= William French (educator) =

British educator (1786–1849)

William French, D.D. (1786–1849) was master of Jesus College, Cambridge.

==Life==
French was the son of a rich yeoman at Eye, Suffolk. He was sent to Ipswich Grammar School, where the Rev. Mr. Howarth was head-master, and he afterwards entered Caius College, Cambridge. After a successful college career he came out in 1811 as second wrangler, the senior being Thomas Edward Dicey of Trinity, the two being bracketed equal as Smith's prizemen. Soon after French was elected fellow and tutor of Pembroke College, and in 1814 took his M.A. degree. He was only thirty-four years old in 1820 when he was appointed master of Jesus College by Bowyer Sparke, bishop of Ely, in whose family he had been private tutor.

In the following year he was made D.D. by royal mandate, and served the office of vice-chancellor, a position which he filled again in 1834, when he also acted as one of the syndics appointed to superintend the building of the Fitzwilliam Museum. He was presented by the lord chancellor to the living of Moor Monkton, Yorkshire, in 1827, and became a canon of Ely in 1832. He discharged his various functions with urbanity and integrity. His mathematical attainments were of the highest order, and to classical scholarship he added a considerable acquaintance with oriental languages. He took a distinguished part in the translations made by himself and Mr.

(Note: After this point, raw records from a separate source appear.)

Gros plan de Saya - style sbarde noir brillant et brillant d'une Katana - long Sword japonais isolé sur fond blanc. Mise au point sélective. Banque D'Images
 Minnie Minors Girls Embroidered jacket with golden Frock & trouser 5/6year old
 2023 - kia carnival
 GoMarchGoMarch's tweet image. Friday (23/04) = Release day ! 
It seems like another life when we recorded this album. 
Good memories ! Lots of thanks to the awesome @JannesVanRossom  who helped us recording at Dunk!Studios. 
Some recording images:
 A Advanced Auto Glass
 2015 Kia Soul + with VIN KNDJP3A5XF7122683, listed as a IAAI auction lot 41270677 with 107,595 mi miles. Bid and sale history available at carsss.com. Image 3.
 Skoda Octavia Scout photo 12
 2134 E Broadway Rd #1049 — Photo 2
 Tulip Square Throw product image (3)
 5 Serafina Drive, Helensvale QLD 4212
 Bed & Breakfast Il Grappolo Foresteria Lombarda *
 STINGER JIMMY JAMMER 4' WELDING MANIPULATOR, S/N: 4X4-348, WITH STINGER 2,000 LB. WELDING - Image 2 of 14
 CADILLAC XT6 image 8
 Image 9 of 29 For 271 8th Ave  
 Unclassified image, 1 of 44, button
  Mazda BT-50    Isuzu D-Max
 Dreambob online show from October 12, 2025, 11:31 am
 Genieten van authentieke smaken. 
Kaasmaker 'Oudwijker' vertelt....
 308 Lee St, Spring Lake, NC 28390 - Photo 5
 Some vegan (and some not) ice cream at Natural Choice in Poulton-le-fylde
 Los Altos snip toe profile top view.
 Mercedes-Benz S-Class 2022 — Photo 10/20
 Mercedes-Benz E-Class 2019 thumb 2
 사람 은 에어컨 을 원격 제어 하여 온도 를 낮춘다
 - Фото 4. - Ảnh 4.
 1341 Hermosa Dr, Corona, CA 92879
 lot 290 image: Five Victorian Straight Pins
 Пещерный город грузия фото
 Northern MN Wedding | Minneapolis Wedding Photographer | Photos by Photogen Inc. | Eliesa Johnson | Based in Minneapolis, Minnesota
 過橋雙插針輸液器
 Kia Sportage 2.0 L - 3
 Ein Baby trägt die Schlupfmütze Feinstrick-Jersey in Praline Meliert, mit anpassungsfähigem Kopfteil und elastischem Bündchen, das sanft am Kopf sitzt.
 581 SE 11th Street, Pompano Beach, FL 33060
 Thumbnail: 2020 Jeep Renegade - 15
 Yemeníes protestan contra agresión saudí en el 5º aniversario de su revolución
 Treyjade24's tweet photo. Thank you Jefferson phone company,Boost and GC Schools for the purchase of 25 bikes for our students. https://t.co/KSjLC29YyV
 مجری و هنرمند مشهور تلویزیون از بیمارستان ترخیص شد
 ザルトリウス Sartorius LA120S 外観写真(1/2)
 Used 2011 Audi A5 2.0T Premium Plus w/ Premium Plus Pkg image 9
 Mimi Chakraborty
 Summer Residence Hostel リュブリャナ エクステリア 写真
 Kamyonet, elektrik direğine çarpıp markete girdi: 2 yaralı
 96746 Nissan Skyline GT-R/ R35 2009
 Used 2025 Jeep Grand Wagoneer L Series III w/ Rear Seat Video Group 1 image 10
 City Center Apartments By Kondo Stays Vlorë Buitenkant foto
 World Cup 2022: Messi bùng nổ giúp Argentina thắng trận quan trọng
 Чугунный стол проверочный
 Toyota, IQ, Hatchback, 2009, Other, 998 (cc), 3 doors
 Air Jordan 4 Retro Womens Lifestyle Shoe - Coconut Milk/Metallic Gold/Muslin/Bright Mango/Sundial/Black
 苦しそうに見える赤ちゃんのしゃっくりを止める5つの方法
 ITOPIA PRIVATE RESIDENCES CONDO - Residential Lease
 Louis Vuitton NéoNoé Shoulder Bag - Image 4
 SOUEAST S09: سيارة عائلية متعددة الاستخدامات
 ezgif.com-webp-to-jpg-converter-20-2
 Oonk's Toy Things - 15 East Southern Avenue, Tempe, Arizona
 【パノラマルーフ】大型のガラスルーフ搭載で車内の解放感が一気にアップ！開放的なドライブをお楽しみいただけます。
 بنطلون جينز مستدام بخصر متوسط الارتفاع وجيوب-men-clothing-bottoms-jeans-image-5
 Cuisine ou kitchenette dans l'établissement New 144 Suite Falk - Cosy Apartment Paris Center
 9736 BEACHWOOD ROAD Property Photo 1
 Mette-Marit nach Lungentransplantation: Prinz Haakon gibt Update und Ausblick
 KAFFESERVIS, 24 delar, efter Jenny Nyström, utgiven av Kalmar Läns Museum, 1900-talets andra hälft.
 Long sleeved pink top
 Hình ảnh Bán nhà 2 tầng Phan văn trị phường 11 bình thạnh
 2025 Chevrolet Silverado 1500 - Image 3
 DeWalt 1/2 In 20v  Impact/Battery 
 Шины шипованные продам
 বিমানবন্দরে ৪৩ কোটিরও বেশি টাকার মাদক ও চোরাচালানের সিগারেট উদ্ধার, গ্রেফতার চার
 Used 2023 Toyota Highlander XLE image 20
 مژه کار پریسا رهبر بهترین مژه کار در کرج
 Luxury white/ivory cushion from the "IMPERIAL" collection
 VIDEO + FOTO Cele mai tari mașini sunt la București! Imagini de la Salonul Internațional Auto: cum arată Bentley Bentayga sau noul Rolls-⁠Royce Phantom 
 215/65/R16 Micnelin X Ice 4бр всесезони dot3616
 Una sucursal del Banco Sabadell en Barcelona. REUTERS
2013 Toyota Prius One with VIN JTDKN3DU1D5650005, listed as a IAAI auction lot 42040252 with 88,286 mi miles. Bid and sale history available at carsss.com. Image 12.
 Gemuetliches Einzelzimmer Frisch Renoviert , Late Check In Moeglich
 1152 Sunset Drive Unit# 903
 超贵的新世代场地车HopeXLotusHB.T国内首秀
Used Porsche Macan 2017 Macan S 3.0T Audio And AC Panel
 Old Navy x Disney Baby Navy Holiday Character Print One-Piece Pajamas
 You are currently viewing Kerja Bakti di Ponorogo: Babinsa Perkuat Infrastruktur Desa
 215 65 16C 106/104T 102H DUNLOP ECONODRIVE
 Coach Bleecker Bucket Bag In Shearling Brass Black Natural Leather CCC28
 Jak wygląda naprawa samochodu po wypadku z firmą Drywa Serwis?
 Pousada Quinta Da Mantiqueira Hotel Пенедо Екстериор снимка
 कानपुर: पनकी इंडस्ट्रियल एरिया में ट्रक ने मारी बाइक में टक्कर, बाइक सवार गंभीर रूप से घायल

George Skinner of the Psalms and Proverbs. He managed the affairs of his college so as greatly to improve its finances, and his name is connected with the remarkable restoration of Jesus College Chapel, begun under his direction by his gift of coloured glass for the eastern triplet.

He died at Jesus Lodge, Cambridge, on 12 Nov. 1849, in his sixty-third year, and was buried at Brockdish in Norfolk four days later.

==Works==
- A new Translation of the Book of Psalms from the original Hebrew, with Explanatory Notes by W. French, D.D., and George Skinner, M.A.; a new edition, with corrections and additions, 8vo, London, 1842. ‘A judicious and excellent work for review’ (see British Critic, ix. 404).
- A new Translation of the Proverbs of Solomon from the original Hebrew, with Explanatory Notes by W. French, D.D., and George Skinner, M.A., 8vo, London, 1831.